The Bureau of Alcohol, Tobacco, Firearms and Explosives (BATFE) estimates that there are more than 234 million firearms in the United States. Others have estimated the number to be closer to 300 million. Whatever the actual number, it is undisputed that many Americans own guns and feel very strongly about their gun-owning rights. But what happens to these guns when those who own them die? More importantly, what could happen to these guns if the owner does not properly plan?
State and federal laws restrict who may own guns. Therefore, not just anyone can legally inherit or receive a gun. For these and other reasons, several gun owners are creating gun trusts to purchase, hold, and designate beneficiaries to receive the guns upon their death.

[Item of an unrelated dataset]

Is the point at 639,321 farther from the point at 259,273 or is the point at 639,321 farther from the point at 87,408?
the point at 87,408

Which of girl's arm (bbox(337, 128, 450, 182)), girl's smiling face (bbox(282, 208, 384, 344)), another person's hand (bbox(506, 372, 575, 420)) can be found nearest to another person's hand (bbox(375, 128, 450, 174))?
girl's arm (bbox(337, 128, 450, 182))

While a well-drafted gun trust can be an excellent tool for a gun owner, a poorly drafted trust could be nothing short of disastrous. ALL gun trusts – without exception – should be drafted by a licensed attorney who is knowledgeable about the various laws affecting such trusts.
The following are five things you should know about gun trusts:
1. Not all guns are created equal. The National Firearms Act (NFA) restricts the ownership and transfer of certain firearms such as short barrel shotguns and rifles, machine-guns, silencers, destructive devices (like hand grenades and explosives), and other weapons (like umbrella guns and pen guns). Additionally, the State of Michigan requires the registration of certain handguns. These restricted firearms cannot be freely transferred to just anyone. A carefully drafted gun trust can provide for the purchase, control and disposition of these restricted firearms.
2. All guns can be held in trust. Just because a firearm isn’t restricted under the NFA or state law does not mean that it should not be held in trust. Gun trusts are appealing to gun owners for some of the same reasons that all trusts are appealing – privacy. Unlike a will that becomes a matter of public record, trusts are a way of distributing assets outside the reach of the probate court. Gun trusts can be an excellent means to pass a special hunting rifle or a family heirloom from one generation to the next. Trusts can be drafted to hold exclusively NFA firearms, exclusively non-NFA firearms, or both. The type of firearms held in trust will dictate the compliance standards with state and federal laws.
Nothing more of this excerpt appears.